Tehran Chamber of Commerce, Industries, Mines and Agriculture, a leading private sector bastion, has sought to improve that by providing a roadmap in its latest analytical report.
In its report published on its official website, TCCIM begins by noting that the World Bank measures distance to frontier (DTF) or distance of each economy to the best performance observed (100 points) to evaluate countries.
Iran's trading across borders DTF was 46.11 in 2018, ranking it at 166th. Iran's DTF was far behind the Middle East and North Africa average of 58.07 and behind peers such as the UAE, Oman and Jordan with the latter boasting an 85.93 DTF to give it the rank of 53rd, Financial Tribune reported.
The WB measures time and cost to export and import in relation with border compliance (hours/USD) and documentary compliance (hours/ USD), resulting in eight different indicators. At present, Iran is faring worse than the MENA average across six of those indicators with triple-digit scores, while dozens of economies have managed to nab top scores (zero) in those indicators.
In order to improve its trading across borders index, WB notes that Iran has only made two positive reform measures since 2010:
The first was in 2010 when it reduced the time for exporting and importing through the installation of scanners at the port of Shahid Rajaee and the reorganization of customs clearance offices to separate inspections of special goods (chemicals, petroleum) from those of general goods.
The second was in 2017 when it made exporting and importing easier by improving and expanding the services offered by the national single window.
In contrast, a host of countries that had ranked lower than Iran in 2010 in terms of trading across borders and now stand higher, namely Russia, Ukraine, Azerbaijan, Niger and Rwanda, engaged in a number of reforms including, but not limited to linking their customs and information transformation systems to the Net, eliminating faulty regulations and facilitating the process of customs inspections.
TCCIM has envisioned two sets of nine scenarios based on which Iran's trading across borders points and ranking can be improved in the eyes of WB. The best-case scenario would entail decreasing the time of documentary and border compliance by 80% coupled with a 10% decrease in costs, which would in turn cut Iran's ranking by half and improve it to 81st while significantly boosting its DTF to 74.8.

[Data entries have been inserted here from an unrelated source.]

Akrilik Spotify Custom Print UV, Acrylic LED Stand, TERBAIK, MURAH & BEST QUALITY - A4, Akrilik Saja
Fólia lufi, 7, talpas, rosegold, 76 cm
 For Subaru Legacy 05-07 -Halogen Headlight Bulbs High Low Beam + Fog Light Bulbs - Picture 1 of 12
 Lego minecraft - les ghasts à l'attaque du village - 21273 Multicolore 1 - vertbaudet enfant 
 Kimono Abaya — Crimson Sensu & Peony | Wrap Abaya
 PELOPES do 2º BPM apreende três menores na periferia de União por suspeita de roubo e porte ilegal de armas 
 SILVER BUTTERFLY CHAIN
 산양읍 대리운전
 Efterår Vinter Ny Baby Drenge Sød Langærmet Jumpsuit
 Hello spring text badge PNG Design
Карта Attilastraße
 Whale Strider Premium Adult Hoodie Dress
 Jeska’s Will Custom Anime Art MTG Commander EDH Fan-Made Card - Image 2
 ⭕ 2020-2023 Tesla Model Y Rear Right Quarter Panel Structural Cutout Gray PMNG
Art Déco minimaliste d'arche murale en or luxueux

For the most part, TCCIM has proposed changes to several directives by the Trade Promotion Organization of Iran, Central Bank of Iran and the Islamic Republic of Iran Customs Administration.
It also puts forward proposals for making changes to several laws, including the law of improving the quality of auto manufacturing, law of revising regulations for the Institute of Standards and Industrial Research of Iran, and an article on the fundamentals of the country's five-year development plans.
The entity further calls on the government to make Iran a member of regional and international customs unions, reduce time and costs of receiving port services, and upload all documents in the national single window.
In conclusion, TCCIM asks the government to engage in widespread educational and informative efforts, calls on several ministries to work closer and establish focused workgroups, and demands executive branches to commit themselves to improving their climate of doing business and drafting transparent reports.